Write out the entries below exactly, but only from the line containing "Bottle of Leonardo" through the line containing "Natural 100% Silk", and without the pictures.

Extracted entries
-----

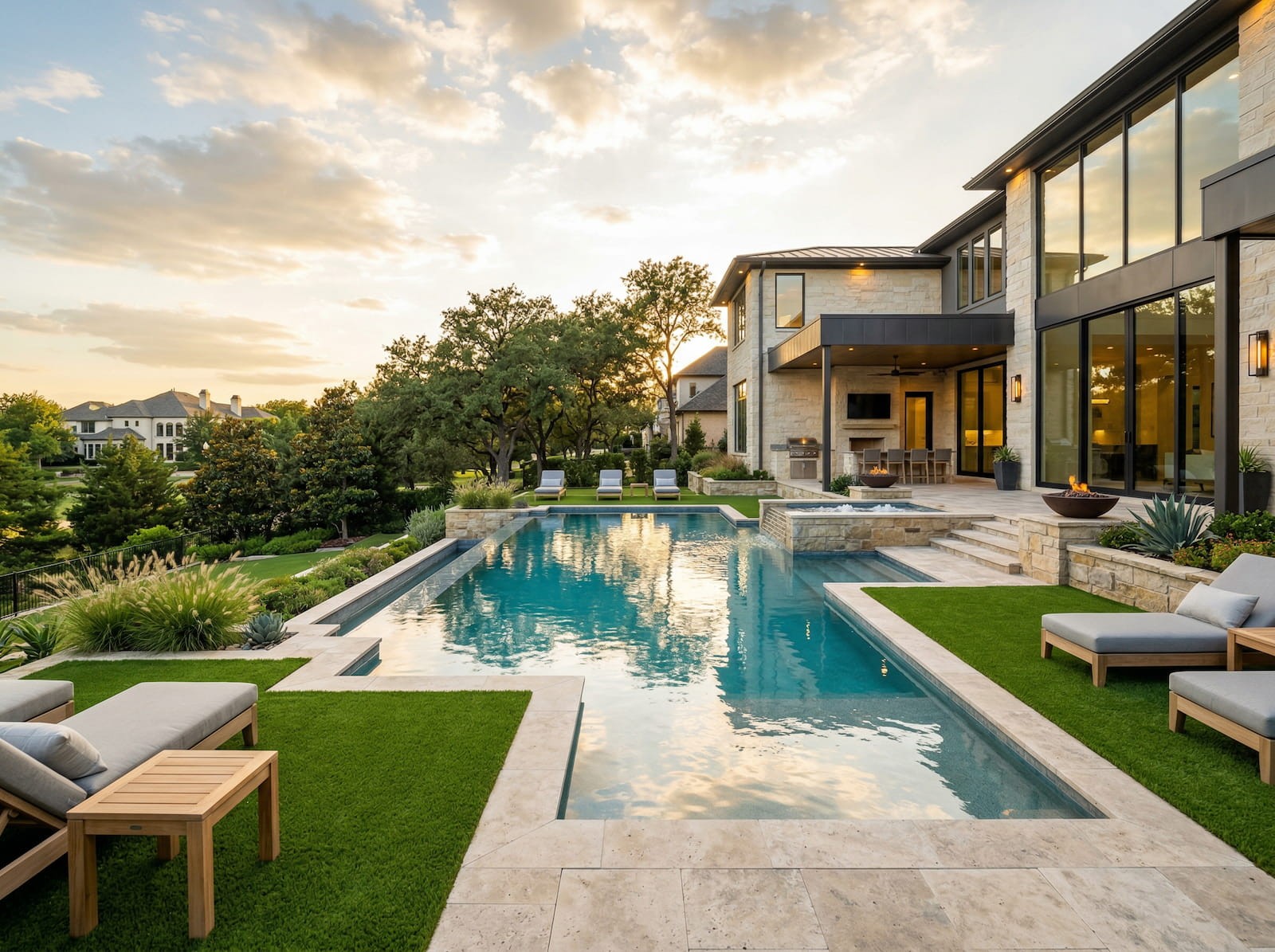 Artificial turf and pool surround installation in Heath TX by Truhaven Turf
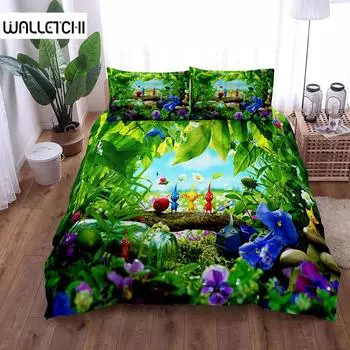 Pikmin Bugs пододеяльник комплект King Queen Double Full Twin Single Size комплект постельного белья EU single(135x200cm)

-----

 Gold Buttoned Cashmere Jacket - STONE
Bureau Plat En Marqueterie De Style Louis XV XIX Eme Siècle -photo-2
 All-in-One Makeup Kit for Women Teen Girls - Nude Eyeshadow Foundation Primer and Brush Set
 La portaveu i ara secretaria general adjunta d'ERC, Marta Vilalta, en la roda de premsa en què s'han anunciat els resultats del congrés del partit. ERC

-----

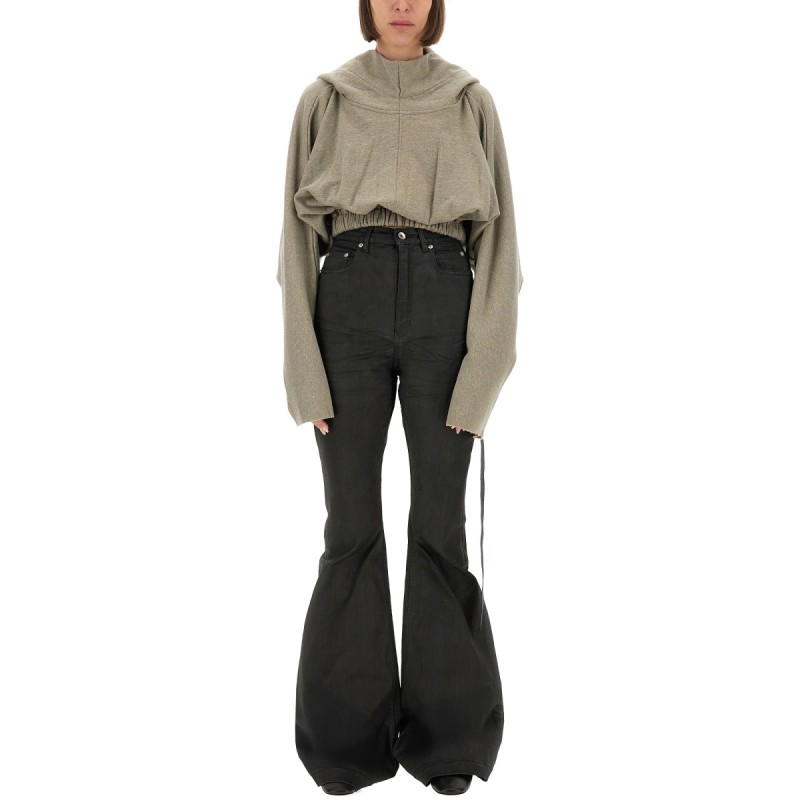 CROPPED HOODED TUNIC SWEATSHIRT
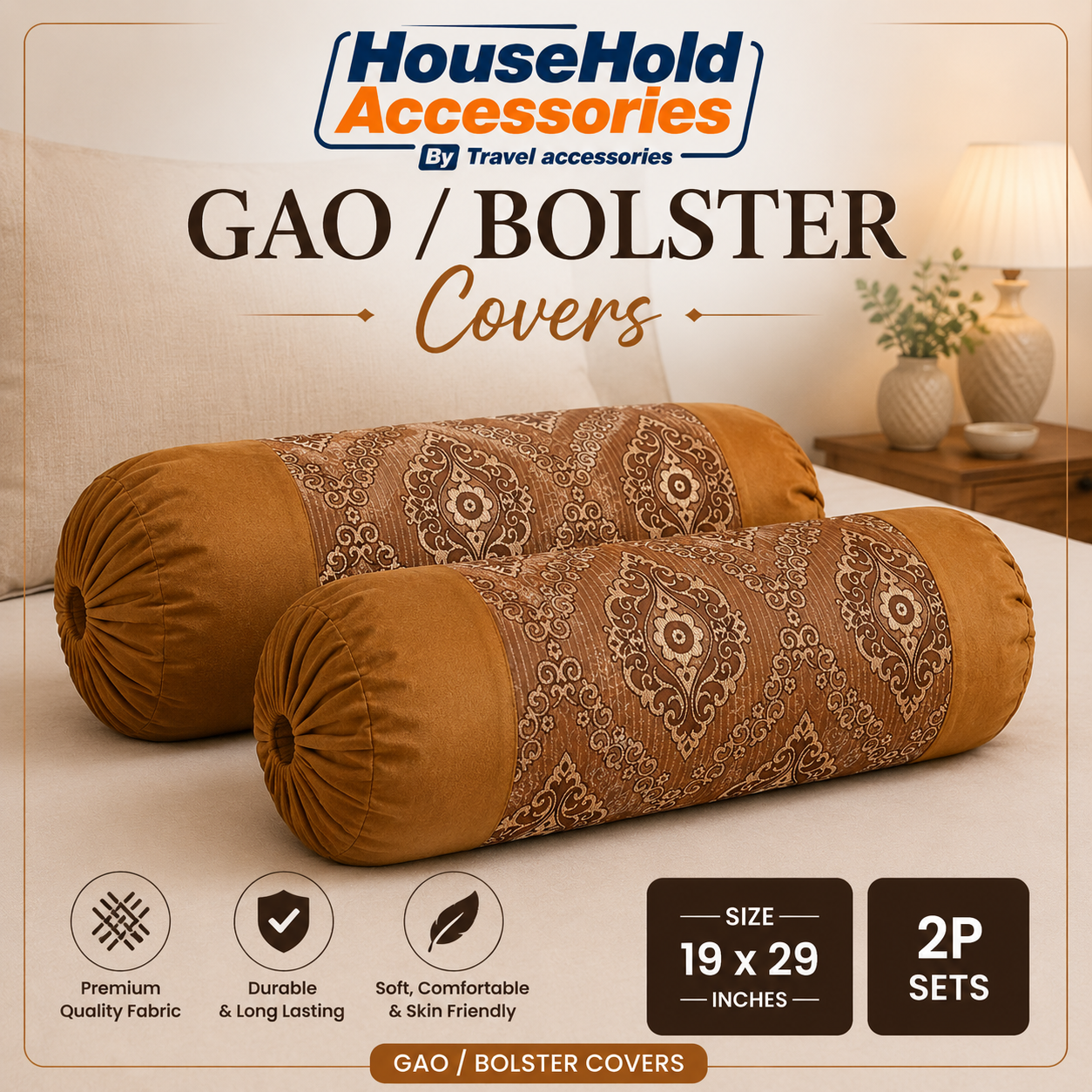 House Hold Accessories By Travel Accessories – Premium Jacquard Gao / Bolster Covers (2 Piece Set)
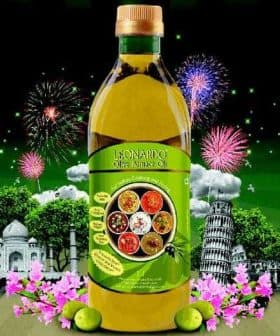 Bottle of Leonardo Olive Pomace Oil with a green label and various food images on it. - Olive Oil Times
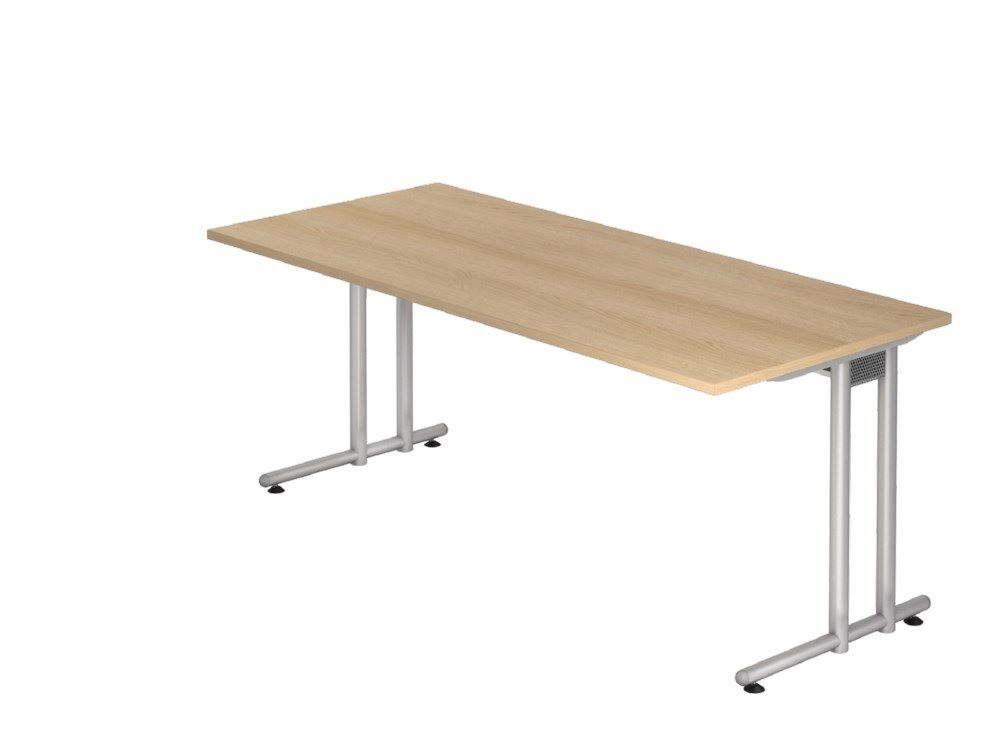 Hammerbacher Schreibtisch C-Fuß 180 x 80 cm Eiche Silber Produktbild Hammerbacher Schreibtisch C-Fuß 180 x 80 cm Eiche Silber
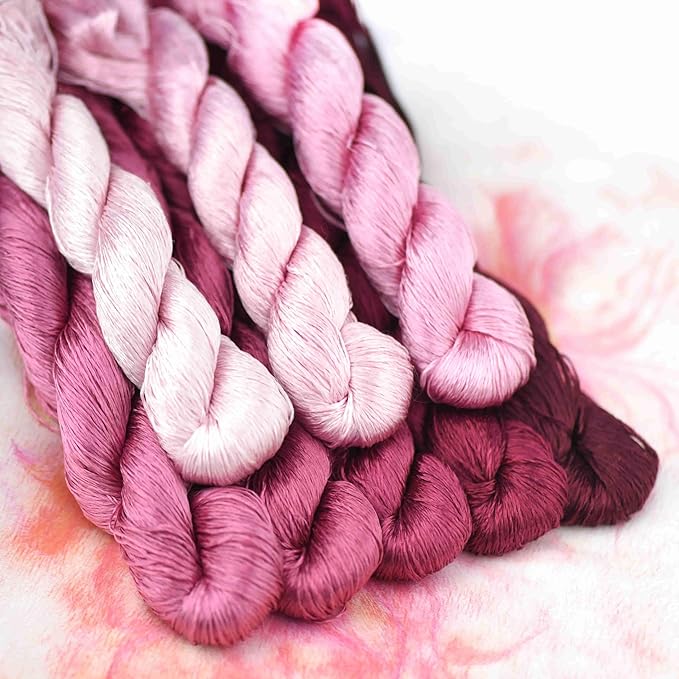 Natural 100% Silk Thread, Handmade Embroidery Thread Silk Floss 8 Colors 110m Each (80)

-----

Response to this exercise
 Bottle of Leonardo Olive Pomace Oil with a green label and various food images on it. - Olive Oil Times
 Hammerbacher Schreibtisch C-Fuß 180 x 80 cm Eiche Silber Produktbild Hammerbacher Schreibtisch C-Fuß 180 x 80 cm Eiche Silber
 Natural 100% Silk Thread, Handmade Embroidery Thread Silk Floss 8 Colors 110m Each (80)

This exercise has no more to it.